• **The problem**
All lines from the one containing "Gomakren Fruit Bowl" through the last line below must be duplicated exactly, with nothing outside that span.

• **Supplied information**

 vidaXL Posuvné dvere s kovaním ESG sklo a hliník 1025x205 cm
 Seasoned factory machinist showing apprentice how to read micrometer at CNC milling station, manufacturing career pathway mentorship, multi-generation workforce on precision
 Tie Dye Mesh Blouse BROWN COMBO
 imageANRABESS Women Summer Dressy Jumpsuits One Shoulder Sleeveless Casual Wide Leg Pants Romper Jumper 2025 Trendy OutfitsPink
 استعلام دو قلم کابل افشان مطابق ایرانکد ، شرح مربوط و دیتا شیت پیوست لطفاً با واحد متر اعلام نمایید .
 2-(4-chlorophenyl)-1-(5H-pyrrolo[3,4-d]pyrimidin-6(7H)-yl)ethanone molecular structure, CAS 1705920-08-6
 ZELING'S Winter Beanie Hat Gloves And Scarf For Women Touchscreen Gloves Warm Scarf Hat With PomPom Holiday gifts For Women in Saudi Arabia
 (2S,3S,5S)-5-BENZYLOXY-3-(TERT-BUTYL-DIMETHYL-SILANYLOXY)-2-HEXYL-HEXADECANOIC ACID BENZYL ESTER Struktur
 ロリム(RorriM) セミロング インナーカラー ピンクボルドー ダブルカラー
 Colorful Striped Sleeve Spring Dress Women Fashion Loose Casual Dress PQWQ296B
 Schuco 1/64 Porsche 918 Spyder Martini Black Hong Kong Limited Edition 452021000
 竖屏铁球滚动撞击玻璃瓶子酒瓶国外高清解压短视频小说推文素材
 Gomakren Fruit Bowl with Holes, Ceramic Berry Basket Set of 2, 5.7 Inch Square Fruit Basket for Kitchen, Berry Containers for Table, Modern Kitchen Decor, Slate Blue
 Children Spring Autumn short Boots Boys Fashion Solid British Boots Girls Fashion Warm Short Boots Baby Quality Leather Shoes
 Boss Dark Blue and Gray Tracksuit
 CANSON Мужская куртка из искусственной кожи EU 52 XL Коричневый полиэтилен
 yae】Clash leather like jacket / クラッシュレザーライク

• **Task result**
 Gomakren Fruit Bowl with Holes, Ceramic Berry Basket Set of 2, 5.7 Inch Square Fruit Basket for Kitchen, Berry Containers for Table, Modern Kitchen Decor, Slate Blue
 Children Spring Autumn short Boots Boys Fashion Solid British Boots Girls Fashion Warm Short Boots Baby Quality Leather Shoes
 Boss Dark Blue and Gray Tracksuit
 CANSON Мужская куртка из искусственной кожи EU 52 XL Коричневый полиэтилен
 yae】Clash leather like jacket / クラッシュレザーライク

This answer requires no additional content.